His last game was against Kilkenny in a third-round qualifier last July, when he featured as a 40-year-old substitute – a rare milestone in the modern game where the average age of a team hovers around the 25 mark.

He won four Munster championship medals, in 2002, 2004, 2007 and 2010, while his goal against Tipperary in the 2002 Munster final was the iconic moment of Waterford's breakthrough after 39 years, pushing the result beyond doubt.

He was Hurler of the Year in 1998 and was one of the few recipients in modern times not to have featured in an All-Ireland final (Dan Shanahan repeated the feat in 2007). His performance against Galway in that year's All-Ireland quarter-final was one of his most memorable.
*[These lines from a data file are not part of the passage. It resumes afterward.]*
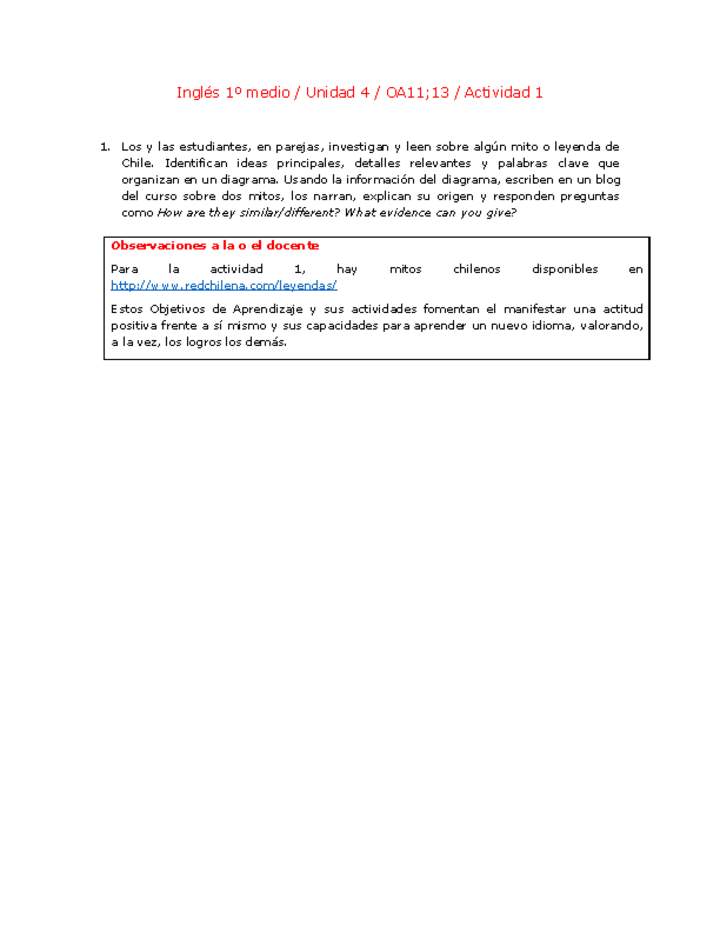 Inglés 1 medio-Unidad 4-OA11;13-Actividad 1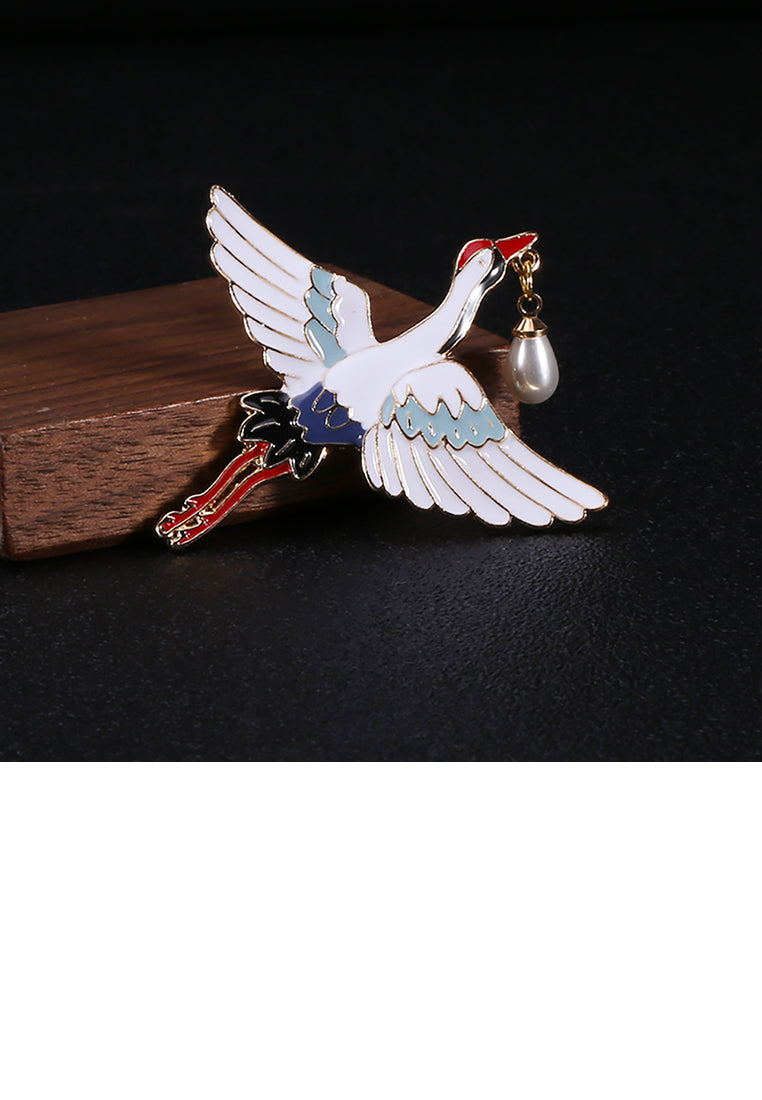 Fashion and Elegant Plated Gold Enamel Crane Brooch with Imitation Pearls
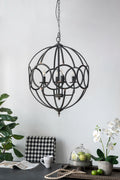 4 Light Metal Chandelier, Hanging Light Fixture with black-iron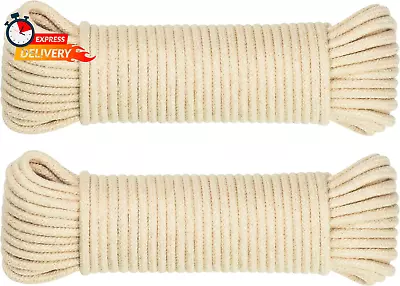 100Ft Natural Cotton 3/16 Inch Rope General-Purpose Utility Cord Clothesline R • $10.73
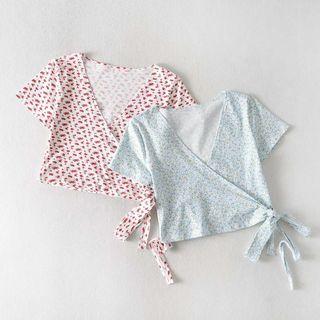 Floral Print Tie-waist Short-sleeve Cropped T-shirt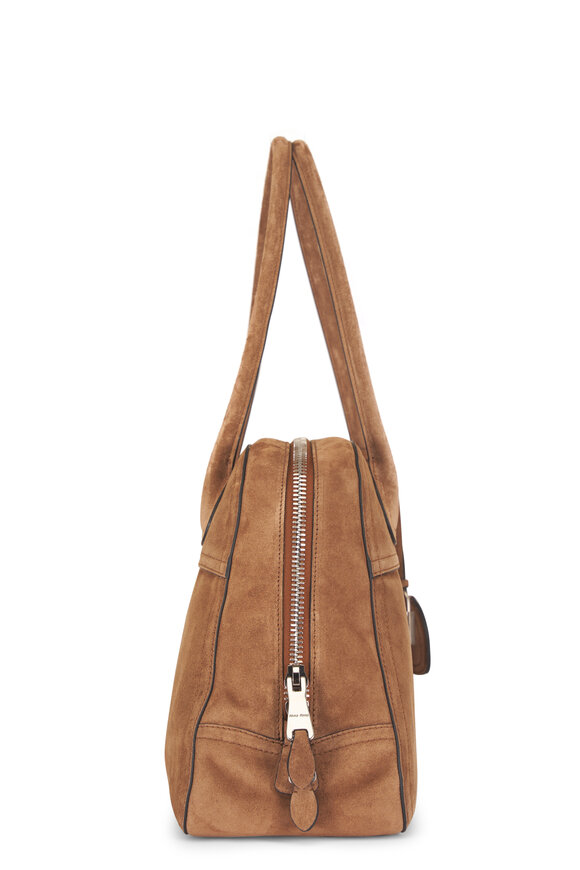 Miu Miu Medium Vivant Cocoa Brown Suede Satchel - view 7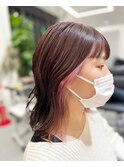 春にぴったりピンクのインナーカラー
Browne, the All-Ireland winning U-21 captain in 1992, has not been in the plans of the new Waterford management this season and the end of his great career does not come as a surprise.

He has earned the respect of colleagues and opponents for his sportsmanship, inspiration and physical fitness that allowed him to survive at the top level for so long.

One of the features of Browne's career was how he got better as the seasons rolled by. He was arguably a better player in his 30s than he was in his 20s, with the exception of 1998.

His switch from midfield to half-back during Justin McCarthy's reign gave impetus to his game and helped him to add to his All Star tally with awards in 2006 and 2007.

The Mount Sion man released a statement about his decision to retire yesterday.

"To do so is always a tough decision for any athlete but I know I have been blessed in so many ways to have experienced what I have with the Waterford hurling teams over the past three decades," he said.